- Native name: فتح شريف أبو الأمين
- Born: Gaza Strip, Palestine
- Died: 29 September 2024 Al-Bass refugee camp, Tyre, Lebanon
- Cause of death: Assassination by airstrike
- Allegiance: Hamas

= Fatah Sharif =

Palestinian teacher and Hamas militant (died 2024)

Fatah Sharif Abu Al-Amin (فتح شريف أبو الأمين; also spelled Fateh Sherif Abu el-Amin; died 29 September 2024) was a Palestinian who was the principal of the UNRWA-run 'Deir Yassin' school in Lebanon until his suspension in March 2024. He served as member of the Hamas leadership in Lebanon. He was killed in an Israeli Air Force strike as part of September 2024 Israeli attacks against Lebanon, along with his wife and two children, in the Al-Bass refugee camp in Tyre district, southern Lebanon.

== Biography ==
In March 2024, UNRWA in Lebanon announced his suspension from his position as a teacher for the agency due to what was described as a "violation of agency protocols" after he praised the 7 October attack. He was suspended for three months. Following his suspension, dozens of activists protested the decision in front of UNRWA offices in Beirut.
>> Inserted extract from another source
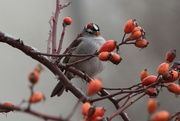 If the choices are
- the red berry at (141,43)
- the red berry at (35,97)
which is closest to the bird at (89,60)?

According to the Israel Defense Forces, Sharif was "in charge of coordinating Hamas activities from Lebanon with elements of Hezbollah, and was also responsible for strengthening the organization's efforts in Lebanon in the field of recruiting agents and purchasing weapons". He also led efforts to "build Hamas' power in Lebanon and worked to promote Hamas' interests in the arena, both politically and militarily".. Hamas in a press release confirmed that ‘Fatah Sahriv was the Hamas leader in Lebanon and a member of the movement's leadership abroad’.

=== Death ===
On 29 September 2024, during the Israeli Air Force's September 2024 attacks, he was killed, along with his wife and two children, in the Al-Bass refugee camp in Tyre district, southern Lebanon. Hamas later confirmed his death. Hamas praised him posthumously for his "educational and jihadist work."